México se adentra en un periodo difícil de crecimiento, probablemente con alguna inflación. Desde comienzos de 2007 se pasaron por alto signos evidentes de la implosión del sector financiero de EU y del receso económico consecuente. La desaceleración de nuestro principal socio comercial afecta por las más distintas vías a la economía nacional.

El crecimiento nacional se debilitó ostensiblemente, poniendo de relieve una gama de fallas estructurales. El ritmo de ascenso del producto se abate de 4.9% (2006) a 1.5% (2008) y las previsiones del año en curso ya lo ubican entre 1% y -1.8%. Los barruntos de la crisis tampoco se vieron o no se quisieron ver ante el hundimiento paulatino del sector externo.

En 2007, el déficit comercial aumentó 35%, volviendo a crecer 67% en 2008. El desajuste en la balanza de pagos se duplicó con respecto a 2006, en tanto se cerraba el crédito externo y se acrecentaban los spreads.
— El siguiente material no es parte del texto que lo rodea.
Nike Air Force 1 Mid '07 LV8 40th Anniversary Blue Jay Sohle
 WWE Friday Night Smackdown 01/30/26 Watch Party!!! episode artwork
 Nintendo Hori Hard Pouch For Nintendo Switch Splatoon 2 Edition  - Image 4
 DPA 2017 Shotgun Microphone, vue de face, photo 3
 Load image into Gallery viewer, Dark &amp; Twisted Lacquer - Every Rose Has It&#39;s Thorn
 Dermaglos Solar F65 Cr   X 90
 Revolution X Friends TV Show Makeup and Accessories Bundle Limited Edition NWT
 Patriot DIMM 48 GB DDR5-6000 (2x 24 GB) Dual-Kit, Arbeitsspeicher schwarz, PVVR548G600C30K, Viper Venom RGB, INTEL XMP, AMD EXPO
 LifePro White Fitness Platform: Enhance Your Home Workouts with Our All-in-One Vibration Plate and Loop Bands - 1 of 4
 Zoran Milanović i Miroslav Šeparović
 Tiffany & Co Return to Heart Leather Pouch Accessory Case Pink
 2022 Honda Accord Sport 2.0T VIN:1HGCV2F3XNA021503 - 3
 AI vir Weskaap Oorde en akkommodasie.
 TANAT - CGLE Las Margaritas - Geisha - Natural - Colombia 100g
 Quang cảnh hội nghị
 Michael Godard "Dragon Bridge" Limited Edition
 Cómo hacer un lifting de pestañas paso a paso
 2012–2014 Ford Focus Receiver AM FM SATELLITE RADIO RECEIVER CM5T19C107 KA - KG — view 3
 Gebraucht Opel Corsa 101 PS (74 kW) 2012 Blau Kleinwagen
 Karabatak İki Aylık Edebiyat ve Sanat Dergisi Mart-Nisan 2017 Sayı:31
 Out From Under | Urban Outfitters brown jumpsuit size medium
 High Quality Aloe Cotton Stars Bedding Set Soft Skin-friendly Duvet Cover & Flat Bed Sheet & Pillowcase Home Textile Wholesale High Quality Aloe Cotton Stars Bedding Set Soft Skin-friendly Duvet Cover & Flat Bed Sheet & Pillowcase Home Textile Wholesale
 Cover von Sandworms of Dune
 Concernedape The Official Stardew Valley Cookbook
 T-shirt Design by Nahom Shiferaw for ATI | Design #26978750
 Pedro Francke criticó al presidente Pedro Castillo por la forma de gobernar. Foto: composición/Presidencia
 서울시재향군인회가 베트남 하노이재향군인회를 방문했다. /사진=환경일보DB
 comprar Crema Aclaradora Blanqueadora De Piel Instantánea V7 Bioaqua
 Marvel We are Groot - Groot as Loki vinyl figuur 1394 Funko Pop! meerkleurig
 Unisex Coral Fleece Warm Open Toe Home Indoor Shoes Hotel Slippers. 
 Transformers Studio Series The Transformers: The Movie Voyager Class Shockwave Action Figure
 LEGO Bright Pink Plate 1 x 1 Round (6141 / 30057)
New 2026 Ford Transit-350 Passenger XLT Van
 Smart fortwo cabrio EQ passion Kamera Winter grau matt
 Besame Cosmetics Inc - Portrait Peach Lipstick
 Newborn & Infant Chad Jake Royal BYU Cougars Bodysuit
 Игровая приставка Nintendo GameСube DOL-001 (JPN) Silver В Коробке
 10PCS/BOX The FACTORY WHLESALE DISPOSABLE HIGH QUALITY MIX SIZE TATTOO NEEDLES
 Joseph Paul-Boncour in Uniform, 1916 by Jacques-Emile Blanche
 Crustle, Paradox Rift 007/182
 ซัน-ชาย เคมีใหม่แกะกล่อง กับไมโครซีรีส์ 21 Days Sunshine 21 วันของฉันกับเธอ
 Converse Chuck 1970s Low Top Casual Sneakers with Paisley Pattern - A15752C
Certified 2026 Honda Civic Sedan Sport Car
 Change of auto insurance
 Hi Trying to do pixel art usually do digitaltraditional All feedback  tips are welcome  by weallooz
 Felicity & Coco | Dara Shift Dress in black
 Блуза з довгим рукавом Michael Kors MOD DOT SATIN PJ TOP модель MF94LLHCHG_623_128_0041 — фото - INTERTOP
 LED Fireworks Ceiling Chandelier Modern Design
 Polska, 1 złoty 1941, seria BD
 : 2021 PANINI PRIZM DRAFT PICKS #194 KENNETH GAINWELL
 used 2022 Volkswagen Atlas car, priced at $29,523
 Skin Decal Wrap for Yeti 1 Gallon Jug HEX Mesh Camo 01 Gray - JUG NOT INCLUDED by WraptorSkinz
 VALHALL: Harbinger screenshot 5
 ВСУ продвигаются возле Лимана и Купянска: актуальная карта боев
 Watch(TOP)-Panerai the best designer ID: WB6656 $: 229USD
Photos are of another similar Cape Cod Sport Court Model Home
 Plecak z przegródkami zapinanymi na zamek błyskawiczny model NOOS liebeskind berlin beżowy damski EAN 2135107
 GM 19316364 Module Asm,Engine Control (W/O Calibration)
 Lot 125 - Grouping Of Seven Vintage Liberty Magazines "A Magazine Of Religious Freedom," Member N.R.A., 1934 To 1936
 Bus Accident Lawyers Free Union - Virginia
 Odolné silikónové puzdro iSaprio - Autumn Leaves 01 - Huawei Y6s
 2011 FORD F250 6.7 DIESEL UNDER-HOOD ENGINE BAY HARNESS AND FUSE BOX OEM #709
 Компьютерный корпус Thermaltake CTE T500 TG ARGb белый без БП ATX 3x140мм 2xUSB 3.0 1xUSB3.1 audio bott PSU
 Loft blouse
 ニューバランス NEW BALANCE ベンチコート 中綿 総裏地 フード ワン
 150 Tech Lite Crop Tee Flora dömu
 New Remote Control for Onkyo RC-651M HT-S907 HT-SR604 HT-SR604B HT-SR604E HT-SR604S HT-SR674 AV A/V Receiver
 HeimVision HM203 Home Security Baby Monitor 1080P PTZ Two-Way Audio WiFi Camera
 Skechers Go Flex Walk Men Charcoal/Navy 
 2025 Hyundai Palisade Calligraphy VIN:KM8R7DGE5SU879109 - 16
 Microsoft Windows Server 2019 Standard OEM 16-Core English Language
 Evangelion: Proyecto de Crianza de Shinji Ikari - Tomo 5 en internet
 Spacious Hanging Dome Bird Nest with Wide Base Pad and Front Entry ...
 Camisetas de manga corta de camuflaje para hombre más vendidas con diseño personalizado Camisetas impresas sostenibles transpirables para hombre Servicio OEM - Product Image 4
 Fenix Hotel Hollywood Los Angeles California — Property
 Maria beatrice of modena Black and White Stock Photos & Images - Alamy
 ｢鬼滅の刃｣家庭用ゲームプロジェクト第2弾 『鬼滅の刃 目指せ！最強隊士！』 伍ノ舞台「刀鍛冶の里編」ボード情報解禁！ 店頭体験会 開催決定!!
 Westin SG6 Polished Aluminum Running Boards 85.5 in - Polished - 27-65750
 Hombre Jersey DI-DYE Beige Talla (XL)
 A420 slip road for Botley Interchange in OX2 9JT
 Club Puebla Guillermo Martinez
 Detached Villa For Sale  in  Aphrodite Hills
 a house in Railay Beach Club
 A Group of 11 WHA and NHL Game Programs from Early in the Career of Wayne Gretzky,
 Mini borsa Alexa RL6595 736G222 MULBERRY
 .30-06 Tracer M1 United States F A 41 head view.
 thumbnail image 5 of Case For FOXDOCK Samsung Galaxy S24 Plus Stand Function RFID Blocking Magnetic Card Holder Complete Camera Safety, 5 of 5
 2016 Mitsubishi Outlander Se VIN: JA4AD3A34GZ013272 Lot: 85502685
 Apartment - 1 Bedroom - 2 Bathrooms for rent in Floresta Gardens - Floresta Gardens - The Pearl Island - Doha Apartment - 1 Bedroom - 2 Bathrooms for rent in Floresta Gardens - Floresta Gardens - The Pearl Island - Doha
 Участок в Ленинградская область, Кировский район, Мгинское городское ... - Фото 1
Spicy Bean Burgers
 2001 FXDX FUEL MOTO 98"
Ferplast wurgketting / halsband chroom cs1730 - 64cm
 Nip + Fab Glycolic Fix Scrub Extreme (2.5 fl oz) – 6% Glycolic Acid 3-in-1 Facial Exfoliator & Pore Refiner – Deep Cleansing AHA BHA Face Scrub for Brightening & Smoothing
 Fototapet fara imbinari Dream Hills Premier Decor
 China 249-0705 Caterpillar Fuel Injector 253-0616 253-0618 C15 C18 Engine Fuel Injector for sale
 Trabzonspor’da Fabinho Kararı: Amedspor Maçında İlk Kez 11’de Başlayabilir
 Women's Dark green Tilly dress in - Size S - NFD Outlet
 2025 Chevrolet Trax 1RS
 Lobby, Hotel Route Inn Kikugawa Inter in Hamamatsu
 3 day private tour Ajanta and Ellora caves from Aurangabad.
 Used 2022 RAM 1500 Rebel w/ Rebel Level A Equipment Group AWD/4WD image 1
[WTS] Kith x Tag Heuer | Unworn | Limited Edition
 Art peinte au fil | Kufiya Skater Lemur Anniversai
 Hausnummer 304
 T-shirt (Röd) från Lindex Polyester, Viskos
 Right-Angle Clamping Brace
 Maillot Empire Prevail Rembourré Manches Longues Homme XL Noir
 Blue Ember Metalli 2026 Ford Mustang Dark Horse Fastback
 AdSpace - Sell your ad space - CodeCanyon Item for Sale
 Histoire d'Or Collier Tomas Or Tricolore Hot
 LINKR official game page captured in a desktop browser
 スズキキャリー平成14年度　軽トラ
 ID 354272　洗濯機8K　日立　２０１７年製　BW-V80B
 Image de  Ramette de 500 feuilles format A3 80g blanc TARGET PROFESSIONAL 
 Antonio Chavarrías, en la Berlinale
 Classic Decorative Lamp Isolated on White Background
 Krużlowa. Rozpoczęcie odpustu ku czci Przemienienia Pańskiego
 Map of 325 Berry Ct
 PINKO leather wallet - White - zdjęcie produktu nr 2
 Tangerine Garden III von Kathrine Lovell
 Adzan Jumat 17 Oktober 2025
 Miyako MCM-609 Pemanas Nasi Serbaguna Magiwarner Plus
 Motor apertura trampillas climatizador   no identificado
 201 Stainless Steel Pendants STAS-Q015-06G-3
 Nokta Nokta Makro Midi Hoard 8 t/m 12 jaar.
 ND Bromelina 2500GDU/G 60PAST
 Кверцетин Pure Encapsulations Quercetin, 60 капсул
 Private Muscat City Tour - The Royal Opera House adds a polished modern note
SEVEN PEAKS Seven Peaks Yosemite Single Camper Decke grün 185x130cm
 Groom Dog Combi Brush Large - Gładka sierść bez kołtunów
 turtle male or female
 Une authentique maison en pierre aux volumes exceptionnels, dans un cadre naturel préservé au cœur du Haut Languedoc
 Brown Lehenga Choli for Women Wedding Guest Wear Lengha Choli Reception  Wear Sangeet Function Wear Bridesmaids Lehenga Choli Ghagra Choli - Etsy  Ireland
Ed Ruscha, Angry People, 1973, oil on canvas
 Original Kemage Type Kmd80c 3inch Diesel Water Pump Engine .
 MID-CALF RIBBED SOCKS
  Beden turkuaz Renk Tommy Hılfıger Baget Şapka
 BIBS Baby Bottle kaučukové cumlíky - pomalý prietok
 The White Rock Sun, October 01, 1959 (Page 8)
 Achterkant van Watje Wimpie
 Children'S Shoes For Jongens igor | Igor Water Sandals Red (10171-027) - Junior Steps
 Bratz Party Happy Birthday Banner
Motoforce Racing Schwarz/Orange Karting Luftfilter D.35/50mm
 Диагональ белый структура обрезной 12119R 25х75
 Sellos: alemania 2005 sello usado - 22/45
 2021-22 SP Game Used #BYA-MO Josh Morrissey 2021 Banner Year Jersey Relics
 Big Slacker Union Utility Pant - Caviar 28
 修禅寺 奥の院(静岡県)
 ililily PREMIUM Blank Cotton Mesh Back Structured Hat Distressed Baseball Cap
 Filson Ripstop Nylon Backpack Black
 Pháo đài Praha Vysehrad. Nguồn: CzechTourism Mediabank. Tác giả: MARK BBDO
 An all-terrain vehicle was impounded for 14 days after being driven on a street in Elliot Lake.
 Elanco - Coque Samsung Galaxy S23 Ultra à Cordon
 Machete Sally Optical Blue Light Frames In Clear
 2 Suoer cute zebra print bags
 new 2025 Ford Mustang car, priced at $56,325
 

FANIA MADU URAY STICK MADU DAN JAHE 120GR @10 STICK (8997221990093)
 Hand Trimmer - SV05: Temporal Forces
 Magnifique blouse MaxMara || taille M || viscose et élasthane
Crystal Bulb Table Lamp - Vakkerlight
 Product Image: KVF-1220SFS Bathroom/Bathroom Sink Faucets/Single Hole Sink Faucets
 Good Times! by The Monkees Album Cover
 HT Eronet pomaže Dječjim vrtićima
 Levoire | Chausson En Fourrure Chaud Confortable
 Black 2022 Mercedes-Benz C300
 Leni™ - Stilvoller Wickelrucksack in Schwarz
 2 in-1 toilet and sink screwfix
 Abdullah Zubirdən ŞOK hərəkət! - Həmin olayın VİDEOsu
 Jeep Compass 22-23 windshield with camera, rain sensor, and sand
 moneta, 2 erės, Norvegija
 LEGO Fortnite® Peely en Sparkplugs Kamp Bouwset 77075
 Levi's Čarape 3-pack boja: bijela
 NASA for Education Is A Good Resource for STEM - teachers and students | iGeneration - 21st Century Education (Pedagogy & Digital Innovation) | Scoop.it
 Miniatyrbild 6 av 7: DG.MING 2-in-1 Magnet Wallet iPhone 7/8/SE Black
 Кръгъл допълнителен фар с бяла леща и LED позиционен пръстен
En la medida en que se liberaron las fronteras y desaprendimos a producir, las importaciones crecieron explosivamente. En 2007, las importaciones de alimentos y productos agrícolas ascendieron a 49% del producto agropecuario. Las compras externas de manufacturas ofrecen un panorama más desolador al rebasar con creces (154%) el valor agregado del sector manufacturero. Mientras el grueso de las importaciones muestra rigidez hacia abajo —por ser productos esenciales al consumo o a la producción—, los ingresos foráneos se tornan más inciertos.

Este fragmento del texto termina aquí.